What is the driving force behind your work today?

I’m the eldest daughter of two public servants who were able to attend universities in California because of affirmative action. They met at college and pursued careers in environmental planning and housing access. I was lucky to be a second-generation college student who was going to meetings in city hall or housing projects with my mom, and I was really able to model their type of leadership, where everybody is entitled to dignity and respect. You always have to stand up for what’s right. And it’s on that basis that I very clearly knew what it meant to serve and what career aspirations were out there for me.

It started with the idea that anybody who graduated from high school could go to UCLA, which was a radical idea  for a kid of color to expect access to a UC education. When I was a little girl, my brother and I would come and play in the trees at Perloff, because our father was attending graduate school at UCLA. And I remember being a toddler in the office of [Luskin School associate professor emeritus of urban planning] Leo Estrada and then coming back years later as a graduate student.

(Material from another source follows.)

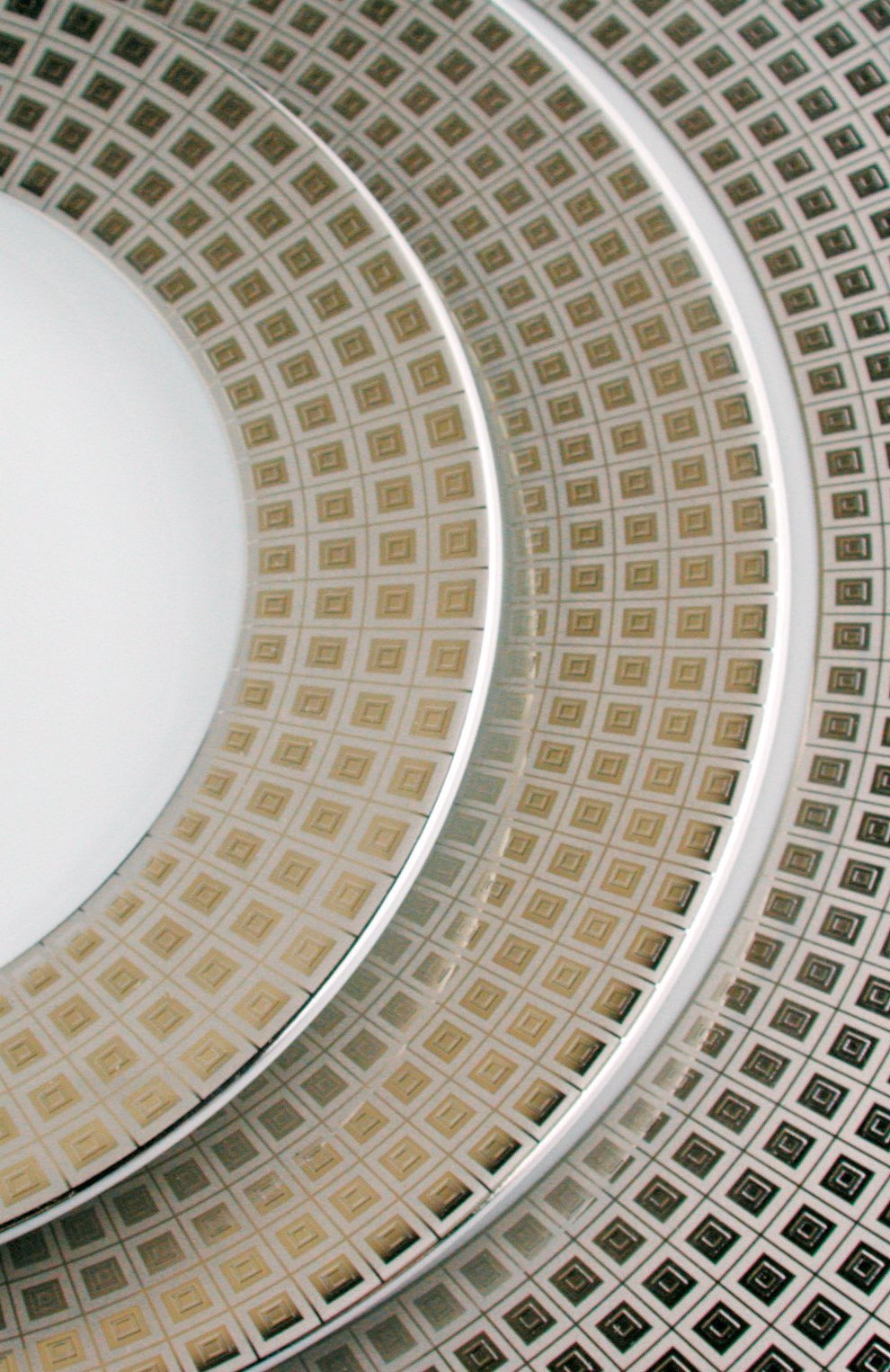 Тарелка для хлеба и масла athena platine accent BERNARDAUD серебряного цвета по цене 14850 руб., арт. 0448/5763, фото 2 Тарелка для хлеба и масла athena platine accent BERNARDAUD, арт. 0448/5763, фото 2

Leo was really important to me because he was the thread of the work that I do today. Leo’s scholarship on redistricting and Latino voting rights made it possible for me, as a young Chicana growing up in East Los Angeles, to see what was possible at a young age. I’m trying to continue to carry that legacy so that our students are able to lead, not just with technical skills, but with the values that communities of color matter and are deserving of resources, attention and dignity.